War eats everything. The simple act of paying utility bills becomes strange. She gets a note from the electric company: “Many Kyiv utility workers joined the Ukrainian army and are now fighting for our freedom. But it is still important to settle the bill.”

Although all wars are brutal, they change with the times, and Belorusets documents that as well — a destructive attack that reduces a huge apartment building and shopping mall to rubble was launched because a TikTok video had inadvertently disclosed the location of Ukrainian tanks. The Russians targeted them but by the time the attack began the tanks had already moved on.

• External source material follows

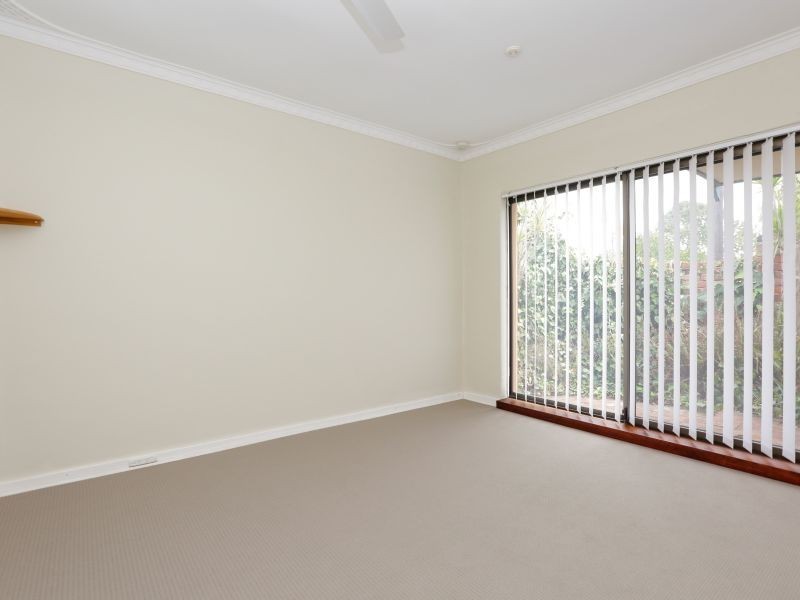 22 Pegus Street, Thornlie WA 6108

She finds solace in the simple, the everyday: cleaning her apartment regularly to give life a sense of normalcy; buying fresh bread in a neighborhood bakery; reveling in Kyiv’s beauty, its broad avenues, beautiful houses, gardens, and sculpture parks.

A photographer, she documents the war, steering clear of death, rarely showing destruction. At first, she portrays only the eerie emptiness of the city’s streets. Later, most of the photos are of people celebrating the mundane in a time of war: A young woman, the epitome of hope, arms filled with a bouquet of early spring tulips; an elderly man and woman posing with their two chihuahuas; lovers embracing; a smiling woman soldier so at ease she seems out for a leisurely stroll, her rifle hanging from her shoulder as if it were a handbag. Life, even during war, goes on.

After 41 days she leaves the city for Warsaw and Berlin, and ends the diary. Three months later she resumes it briefly from Berlin, writing “When you leave a war zone, you take a piece of it with you, as if by accident. This something remains glued to your life for a time, a souvenir you drag along and simply can’t get rid of.”

The same can be said of this book. You may close its pages, but you’ll never rid yourself of what you’ve read and seen.